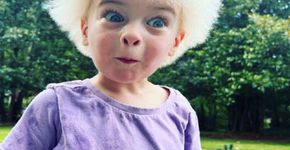 Síndrome rara faz cabelo de menino estar sempre arrepiado 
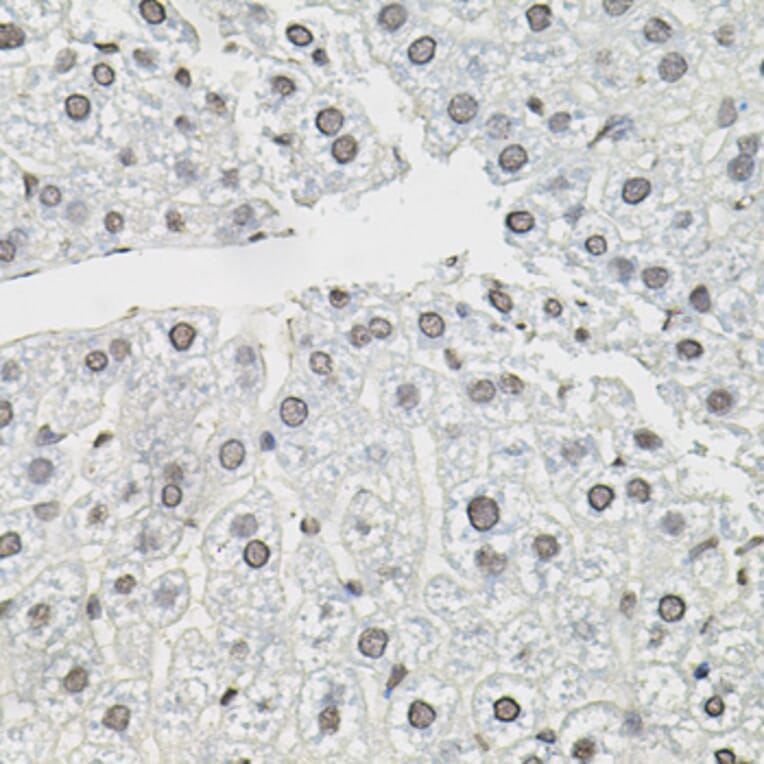 Immunohistochemistry - Anti-Elongin-C Antibody (A13793) - Antibodies.com
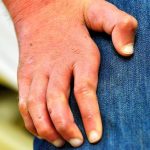 Romanya ve Hırvatistan’da 40 yılın ardından cüzzam vakaları görüldü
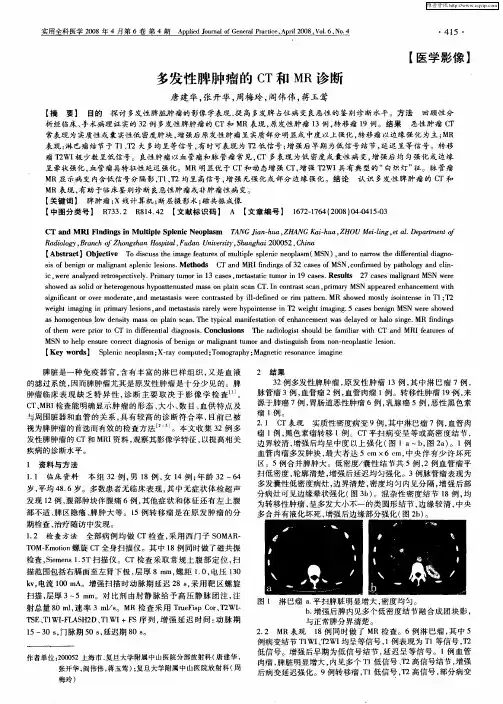 多发性脾肿瘤的CT和MR诊断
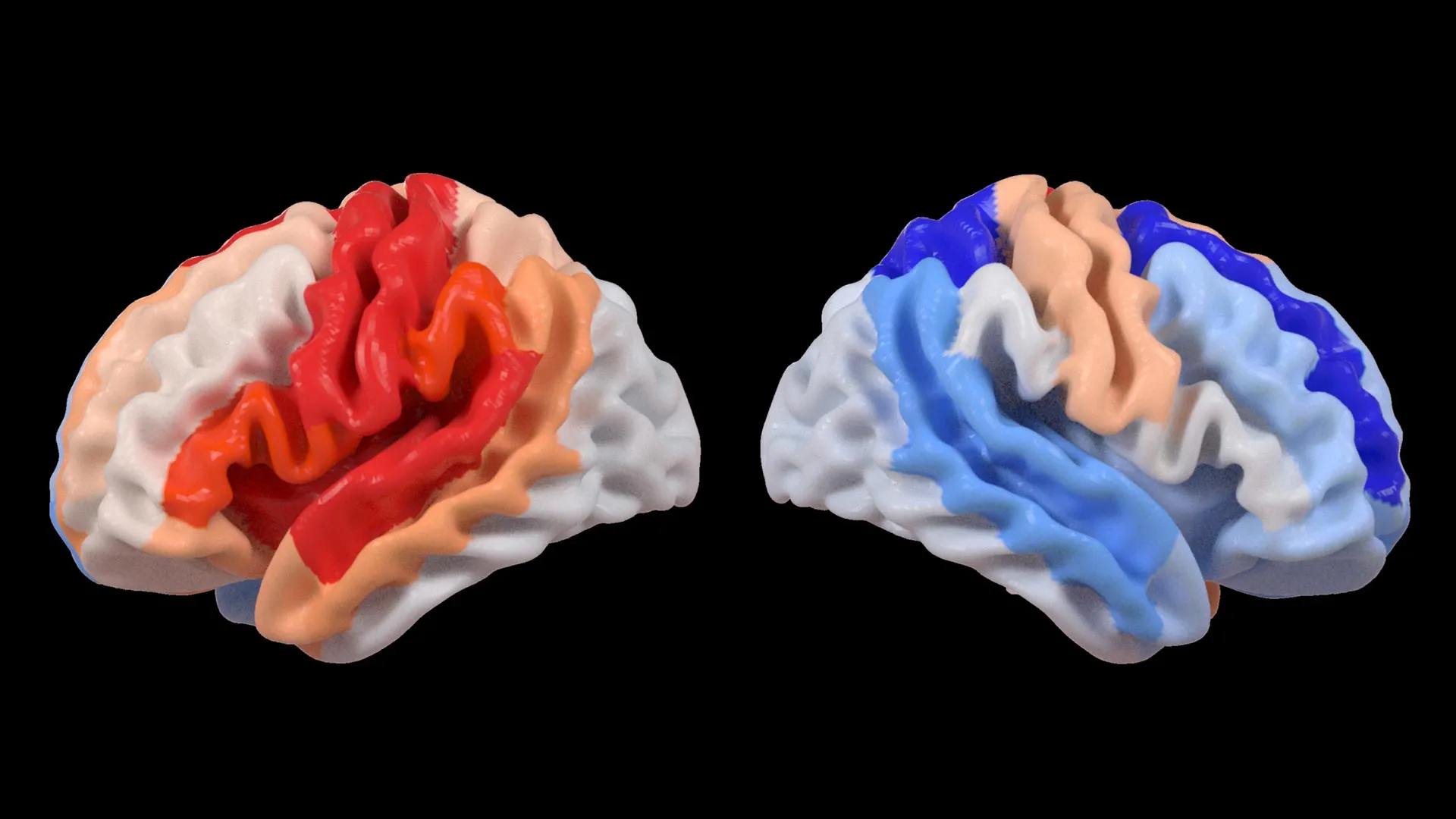 Stroke May Rejuvenate the Brain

* * * * * * *

▸ **Task item**
Write out the data exactly, but not its pictures.

▸ **Your response**
 Síndrome rara faz cabelo de menino estar sempre arrepiado 
 Immunohistochemistry - Anti-Elongin-C Antibody (A13793) - Antibodies.com
 Romanya ve Hırvatistan’da 40 yılın ardından cüzzam vakaları görüldü
 多发性脾肿瘤的CT和MR诊断
 Stroke May Rejuvenate the Brain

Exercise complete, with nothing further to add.